03 · Mesurer la gravitéMalfaçon structurelle, fonctionnelle ou esthétique : pourquoi la distinction change tout

Toutes les malfaçons ne se traitent pas avec la même urgence ni avec les mêmes garanties. Les classer en trois familles vous aide à mesurer la gravité réelle de ce que vous observez, et à comprendre quelle protection légale vous pouvez activer.

Malfaçon structurelle

Fondations, murs porteurs, charpente, dalle. Engage la solidité de l’ouvrage. Relève de la garantie décennale.

Réaction immédiate

Malfaçon fonctionnelle

Plomberie, isolation, ventilation, électricité. Le logement ne fonctionne pas comme prévu. Biennale ou décennale.

À traiter vite

Malfaçon esthétique

Peinture, alignement, joints de finition. Dévalorise le bien. Relève de la garantie de parfait achèvement.

À signaler

Trois familles, trois niveaux d’urgence. L’épaisseur du trait traduit la gravité du désordre.

Les malfaçons structurelles

Ce sont les plus graves. Elles touchent ce qui fait tenir la maison debout : fondations, murs porteurs, charpente, dalle. Une fissuration importante et évolutive, un affaissement de plancher, une charpente sous-dimensionnée entrent dans cette catégorie. Le risque ne se limite pas à un inconfort : il engage la solidité de l’ouvrage et, dans les cas extrêmes, la sécurité des occupants.

Ces désordres relèvent en principe de la garantie décennale, prévue par l’article 1792 du Code civil, qui couvre pendant dix ans les dommages compromettant la solidité de l’ouvrage ou le rendant impropre à sa destination. Face à un signe structurel, il ne faut jamais attendre.

Les malfaçons fonctionnelles

Elles n’effondrent pas la maison, mais elles dégradent la vie quotidienne. Une plomberie qui fuit, une isolation thermique insuffisante, une ventilation mal conçue, une électricité non conforme. Le logement reste debout mais il ne fonctionne pas comme il le devrait, et la facture énergétique ou les dégâts des eaux finissent par peser lourd.

Selon le défaut, ces malfaçons relèvent de la garantie biennale de bon fonctionnement pour les équipements dissociables, ou de la décennale lorsque le désordre rend le logement impropre à son usage. La frontière n’est pas toujours évidente, et c’est un point que l’expertise permet de trancher.

Les malfaçons esthétiques

On les juge souvent secondaires. C’est une erreur. Une peinture qui cloque, un carrelage mal aligné, des joints bâclés : ces défauts ne mettent personne en danger, mais ils dévalorisent le bien et trahissent parfois un travail négligé ailleurs aussi.

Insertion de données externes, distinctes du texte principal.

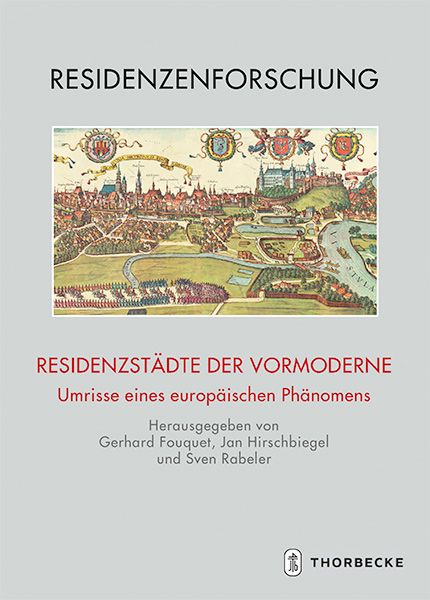 Produktbild: Residenzst&auml;dte der Vormoderne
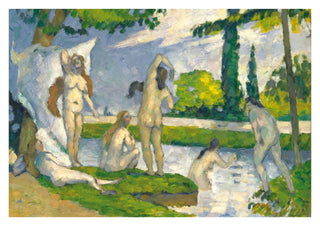 Bathers print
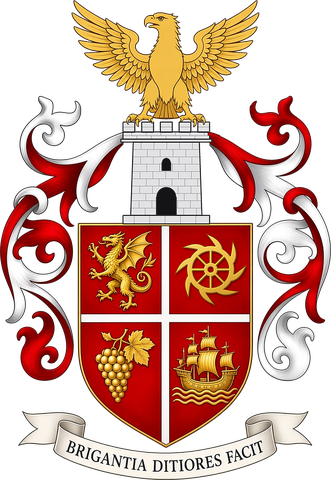 Brasão da BRIGANTIA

Un acquéreur les repère immédiatement et les utilise pour négocier.

Les défauts purement esthétiques, dès lors qu’ils ont été constatés à la réception ou dans l’année qui suit, relèvent de la garantie de parfait achèvement. Le constructeur doit les reprendre, quelle que soit leur importance. Un défaut mineur n’est pas un défaut négligeable : c’est un défaut à signaler.

À retenir

Classez ce que vous observez en trois familles : structurel, fonctionnel, esthétique. Le structurel engage la sécurité et relève de la décennale, le fonctionnel dégrade le quotidien, l’esthétique dévalorise le bien. Aucune de ces catégories ne doit être négligée, mais le structurel impose une réaction immédiate.

04 · L’œil et les outilsLes outils qui voient ce que vos yeux ne voient pas

Tout ce qui précède vous permet de repérer beaucoup de choses. Mais il faut être honnête sur les limites de l’observation à l’œil nu. Une part importante des malfaçons les plus coûteuses sont invisibles tant qu’on ne sait pas où ni comment chercher. Un expert ne se contente pas de regarder : il mesure, avec des instruments précis qui transforment une impression en donnée objective.

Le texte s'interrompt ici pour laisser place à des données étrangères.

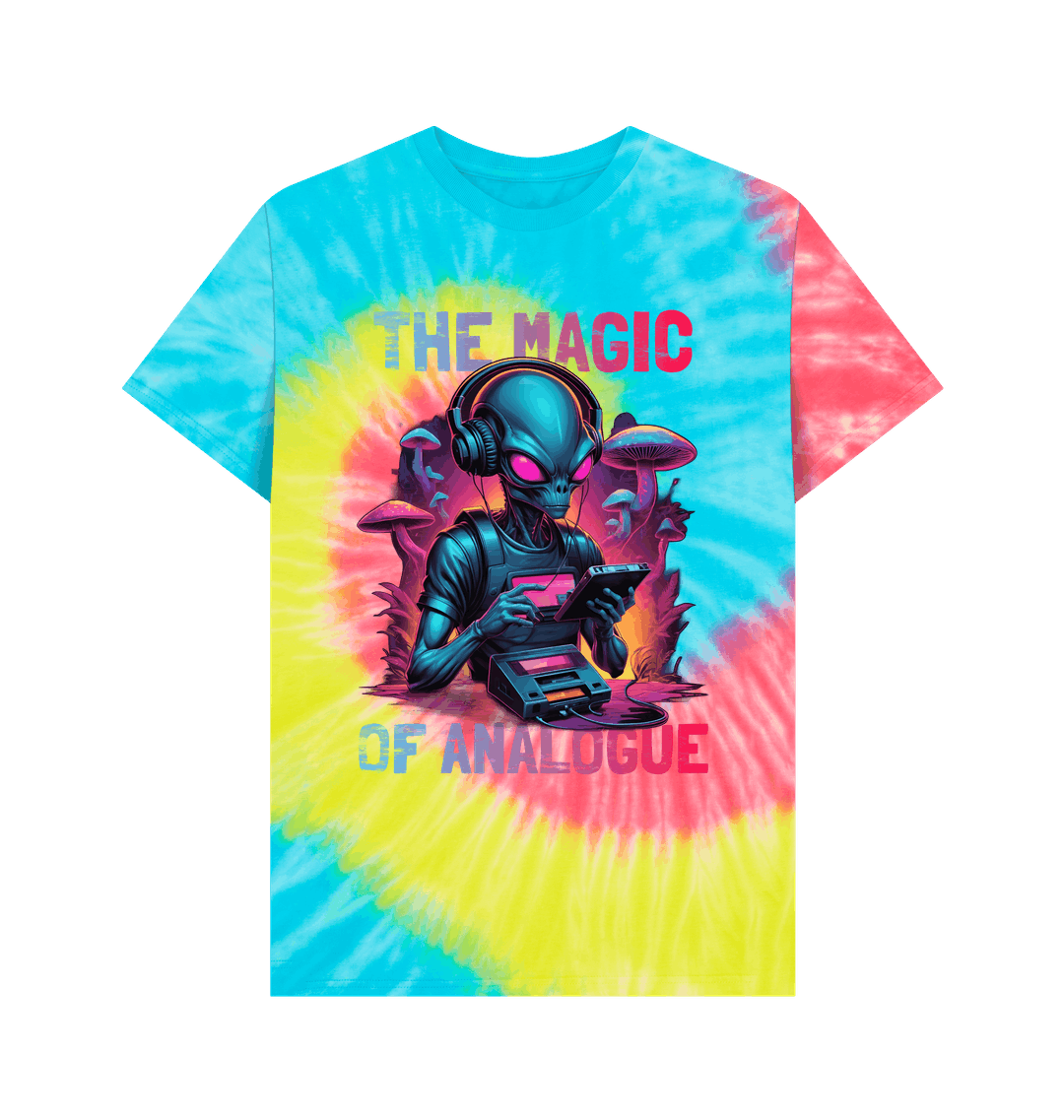 Tie Dye Printed T-shirt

Boîte à outils de l’expert

Quatre instruments qui rendent l’invisible mesurable

Caméra thermique

Révèle ponts thermiques et défauts d’isolation

Humidimètre

Quantifie le taux d’humidité d’un mur

Jauges Saugnac

Mesurent l’évolution d’une fissure sur des semaines

Drone d’inspection

Examine toitures et façades en hauteur

Ce que l’œil nu ne voit pas

Une fissure de surface peut masquer un désordre structurel profond. Une humidité localisée peut venir d’une cause située plusieurs mètres plus loin. Une isolation peut sembler en place et présenter des défauts de continuité qui ruinent sa performance. La gravité réelle d’un désordre ne se lit presque jamais sur sa partie visible.

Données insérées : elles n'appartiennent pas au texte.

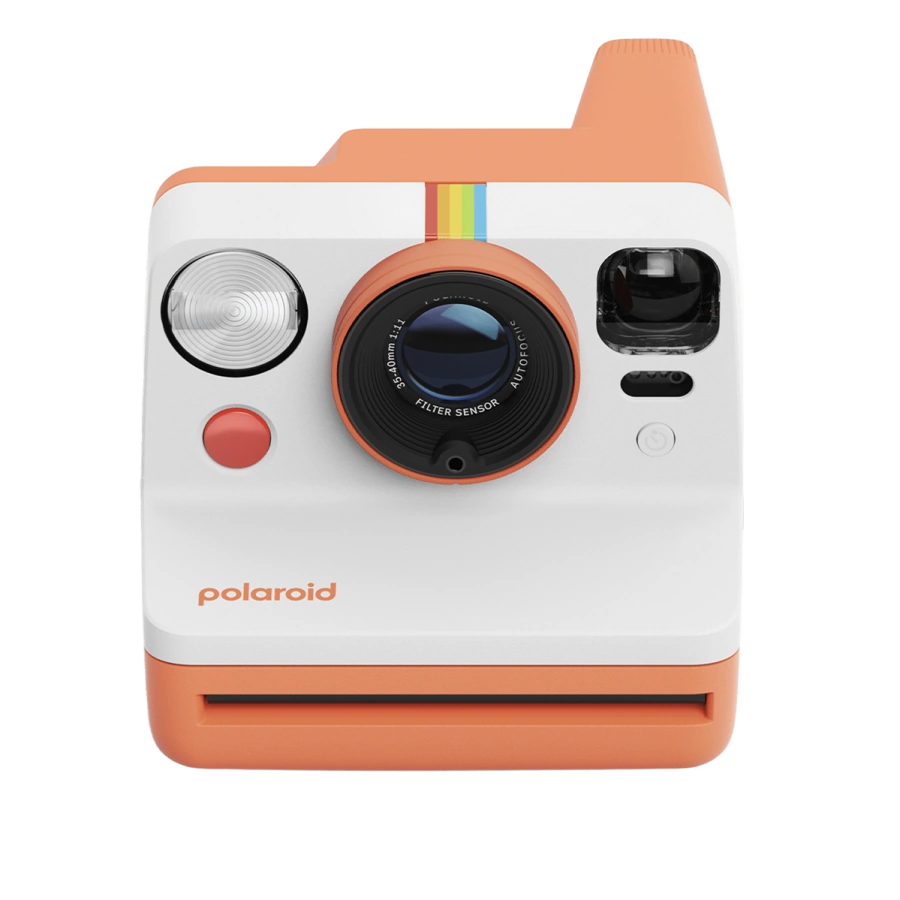 Фотокамера миттєвого друку Polaroid Now Gen 3 - Coral (009156)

C’est la difficulté centrale du diagnostic. Le particulier voit le symptôme, l’expert remonte à la cause. Et c’est la cause, pas le symptôme, qui détermine la garantie applicable, le coût de la réparation et la responsabilité engagée.

Les outils de l’expert

Un expert en bâtiment ne se contente pas de regarder. Il mesure. Une caméra thermique révèle les ponts thermiques et les défauts d’isolation invisibles. Un humidimètre quantifie un taux d’humidité que l’œil ne fait que deviner. Des jauges Saugnac posées sur une fissure mesurent son évolution réelle sur plusieurs semaines. Une inspection par drone permet d’examiner une toiture ou une façade en hauteur sans échafaudage.

Ces outils transforment une impression en donnée objective. C’est cette objectivation qui fait la différence entre « je crois que c’est grave » et un constat technique opposable.

Le rôle du rapport d’expertise

Le rapport d’expertise est le document qui qualifie chaque désordre, identifie sa cause probable, rattache le défaut à la garantie concernée et chiffre les reprises nécessaires. C’est lui qui donne du poids à votre demande, que ce soit dans une négociation amiable avec le constructeur, face à un assureur, ou devant un tribunal.

Sans ce document, vous opposez votre parole à celle d’un professionnel. Avec lui, vous opposez un constat indépendant et argumenté. Dans la majorité des dossiers que nous traitons chez Score Expertises, c’est l’existence d’un rapport solide qui débloque une situation enlisée depuis des mois.

À retenir

L’auto-diagnostic a une limite nette : il révèle des symptômes, pas des causes. Or c’est la cause qui détermine la garantie, le coût et la responsabilité. Caméra thermique, humidimètre, jauges, drone : l’expert objective ce que l’œil soupçonne, et le rapport d’expertise transforme votre doute en constat opposable.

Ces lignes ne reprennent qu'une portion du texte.